The provisions of art. 911b, § 5a(cHg) pertain to the Commission’s statutorily assigned function of issuing certificates of public convenience and necessity to persons wishing to engage in the business of a “specialized motor carrier,” a term defined in § l(i) of the statute. In § 5a(d), it is provided that the Commission “shall” issue the certificate to an eligible applicant “unless” the following are established in a contested-case proceeding before the Commission:

(1) the services and facilities of the existing carriers serving the territory or any part thereof are adequate; or
(2) there does not exist a public necessity for such service; or
(3) the public convenience will not be promoted by granting said application.

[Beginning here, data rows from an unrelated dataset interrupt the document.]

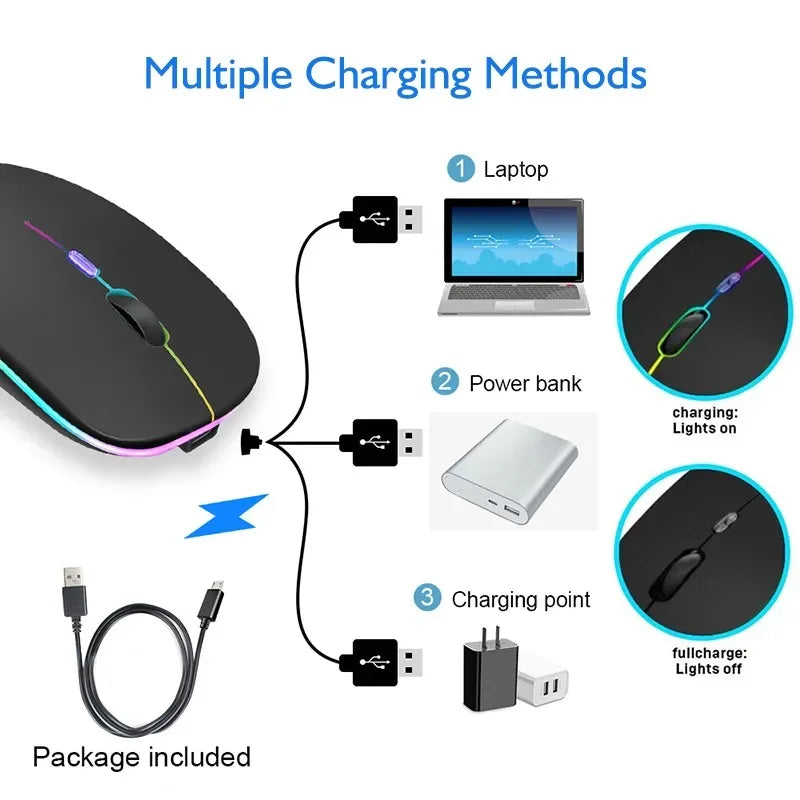 Wireless Mouse Rechargeable Bluetooth5.1 Remote Control 2.4Ghz USB Mouse for Computer Laptop PC Macbook Gaming Mouse Gamer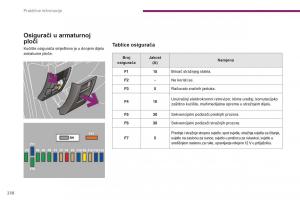 Peugeot-5008-II-2-vlasnicko-uputstvo page 240 min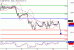 SP500-10022016-LV-10.gif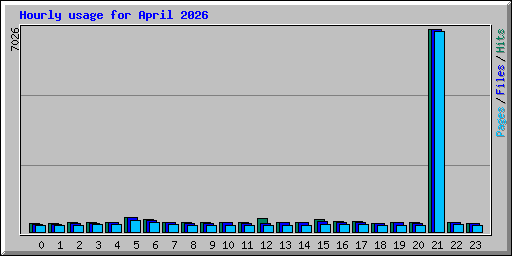 Hourly usage for April 2026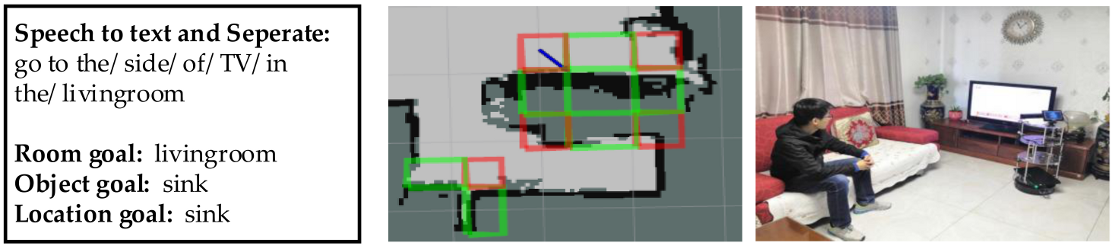 Applsci 10 08991 i004 Applsci 10 08991 i004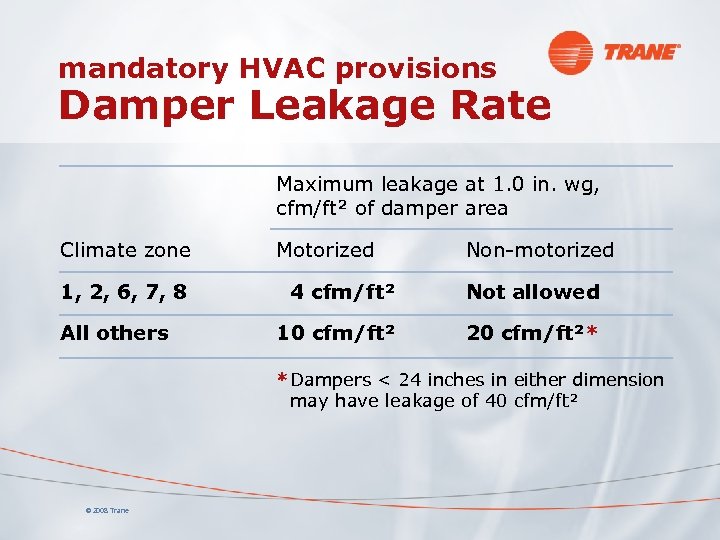 An Inside Look at ANSI ASHRAE IESNA Standard 90 1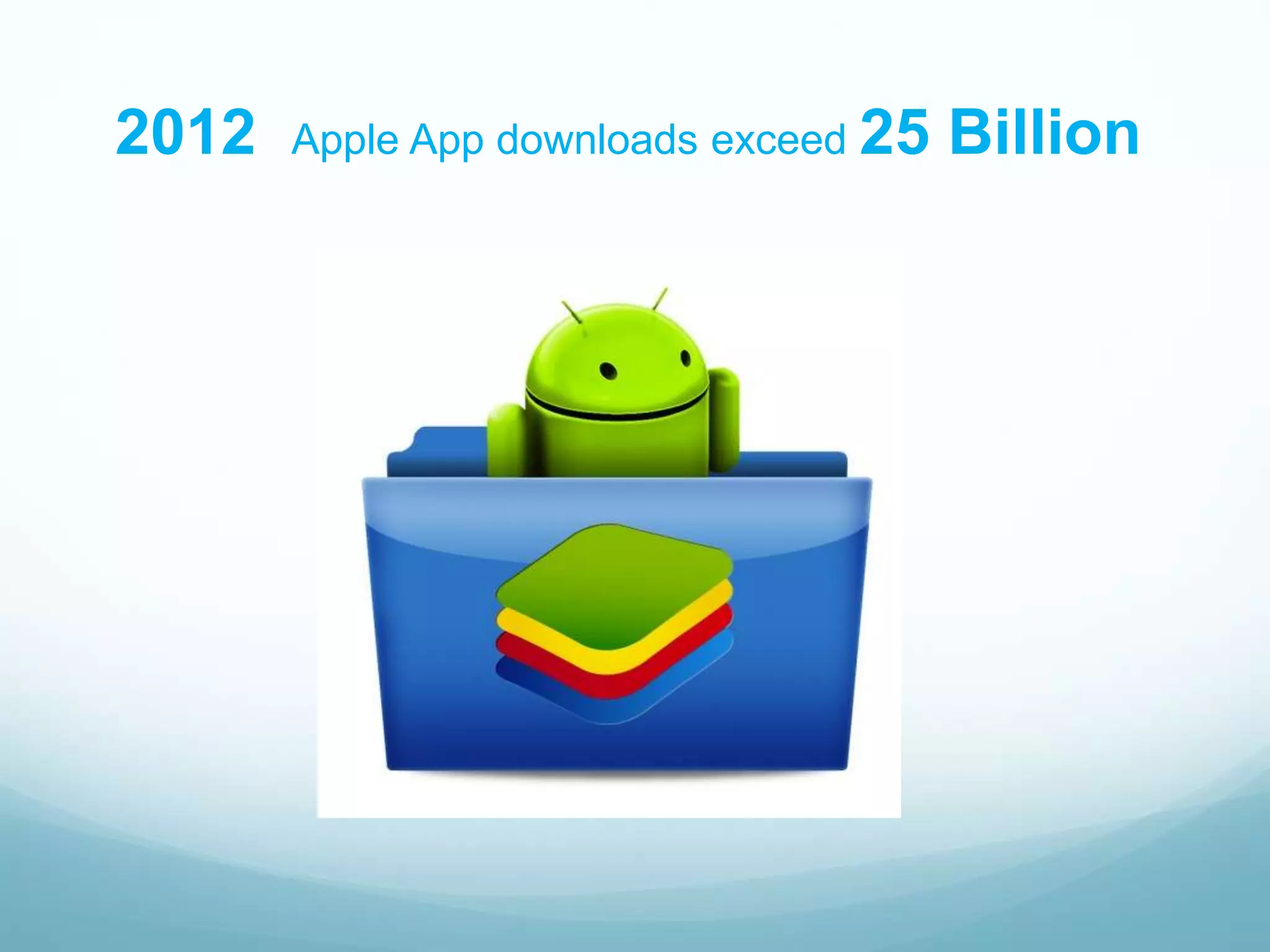 2012 Apple App downloads exceed 25 Billion
 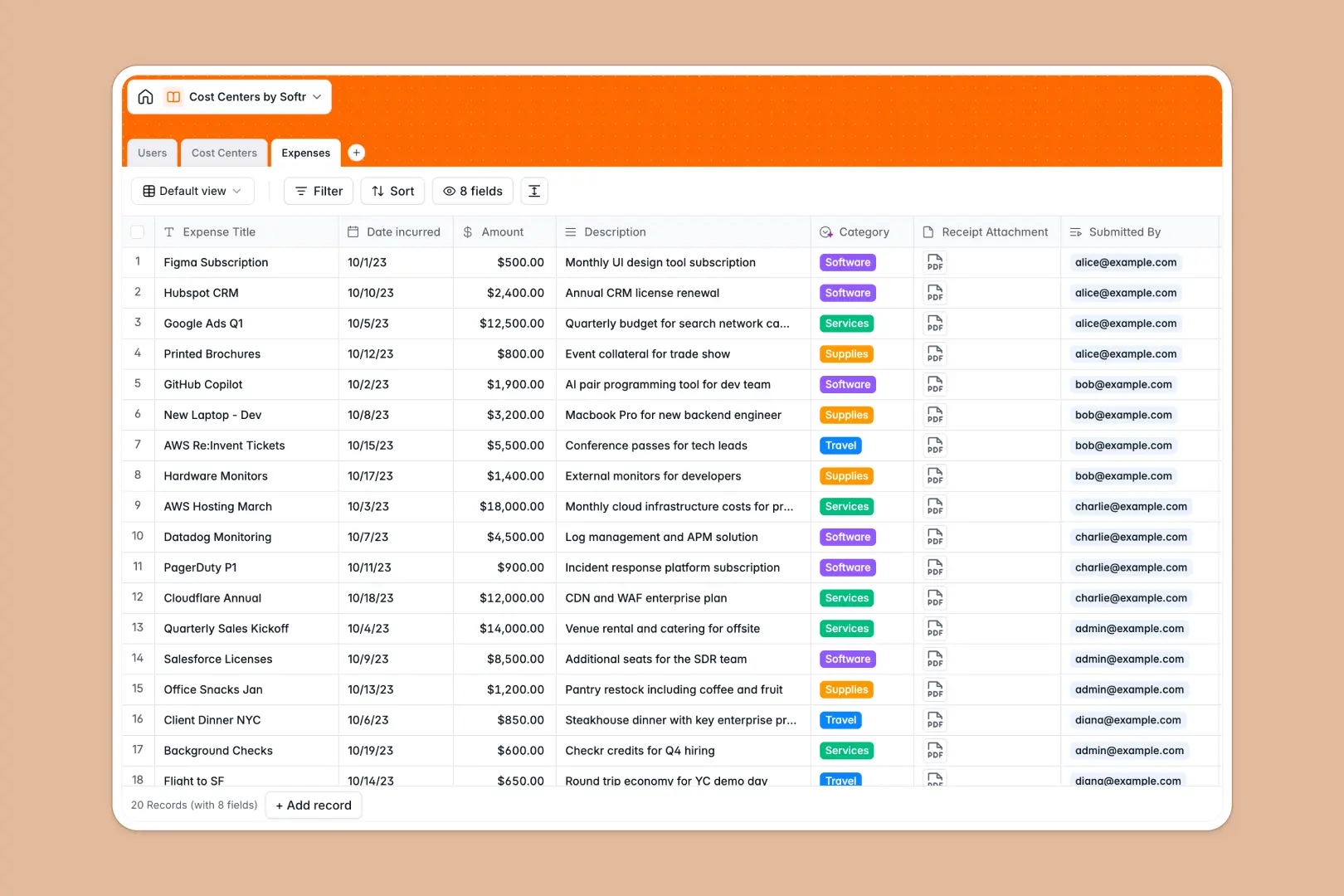 Cost Centers Database Template Thumbnail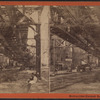 Metropolitan elevated railway, Church [st.]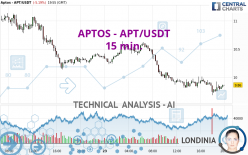 APTOS - APT/USDT - 15 min.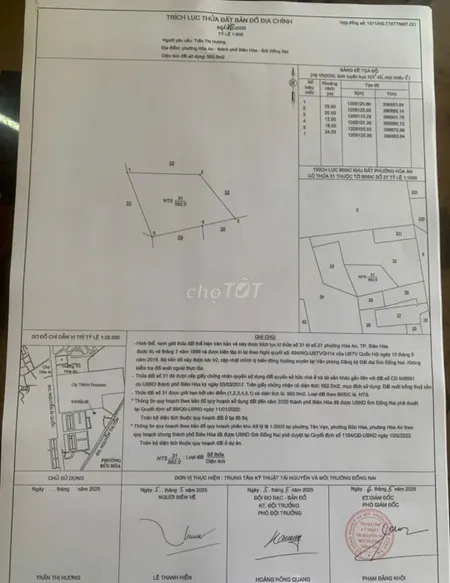 Nhà Đất Hóa An Biên Hòa Đồng Nai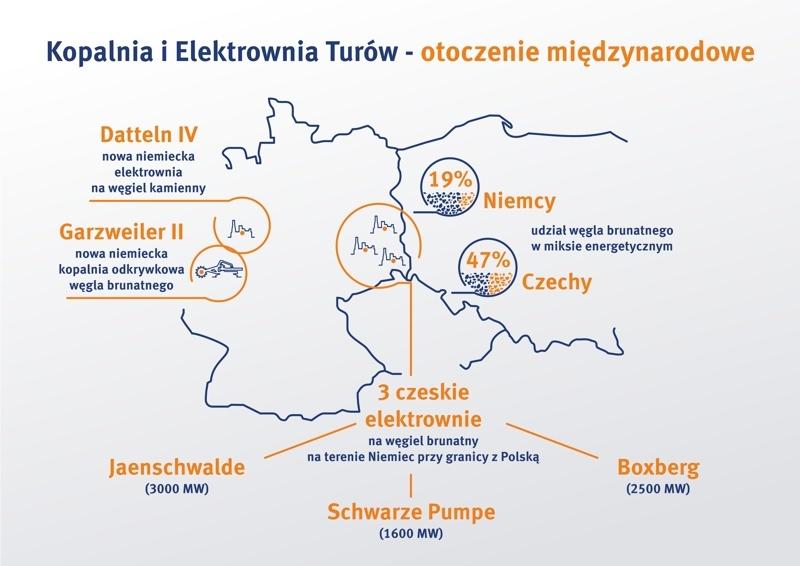 infografika otoczenie międzynarodowe Turów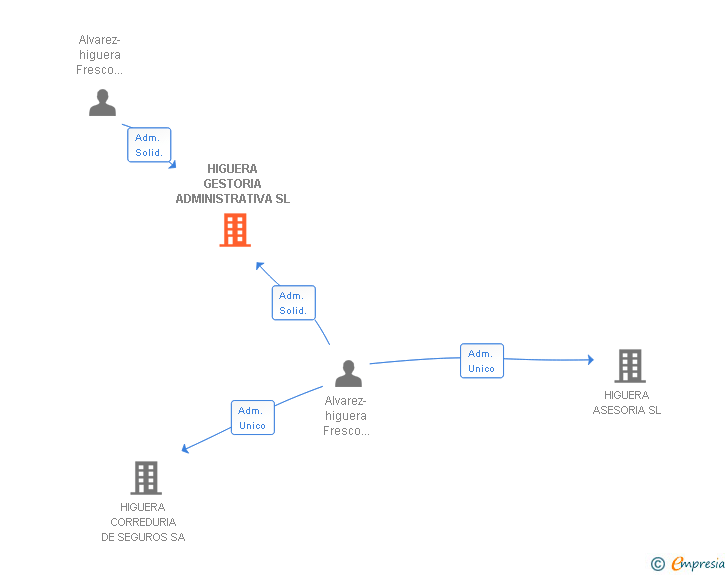 Vinculaciones societarias de HIGUERA GESTORIA ADMINISTRATIVA SL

The same § 5a(d) also adopts by reference certain other provisions of art. 911b and makes them applicable to contested-case proceedings looking to the issuance of “specialized motor carrier” certificates, namely: §§ 4(e), 8, 9,11,12,13,13a, 14 and 15. Section 4(e) provides as follows:

... With respect to showing public convenience and necessity, the applicant is required to prove a prima facie case that the public convenience would be promoted and a prima facie case that a public necessity exists, and in these circumstances, the burden of proof to show that the public convenience would not be promoted or that a public necessity does not exist for the proposed service or that the existing carriers are rendering a reasonably adequate service shifts from the applicant to the opposing carrier or carriers.

THE AGENCY ORDER

Following the contested-case proceeding mandated by art. 911b, § 11, and the giving of notice to competing carriers as therein required, an evidentiary hearing was held by the Commission on appellant’s application. The Commission subsequently issued its final order denying the application and adopting the findings of fact and conclusions of law recommended by the hearing examiner in his proposal for decision. In his proposal, the hearing examiner recited as follows:

* # * * * *
In the instant proceeding, the applicant has failed to make the required prima facie showing. No shipper witness appeared in support of the proposed service. As a result, this record is devoid of facts to justify a finding of shipper need. Applicant has failed to meet its threshold burden of proof.
Conclusions
The examiner concludes that the applicant in the instant proceeding has failed to show that there exists a public need for the proposed service.
* * * # # *

In a section denominated “findings of fact,” the examiner set forth his determination that six specialized motor carriers were presently authorized to transport petroleum products in the ten counties as part of their authority to operate in a wider geographical area; and, stated his findings that appellant presently transports refined gasoline and related products as part of its business of selling gasoline at retail “from convenience store sites operated by its sister corporation, Zippy Foods.”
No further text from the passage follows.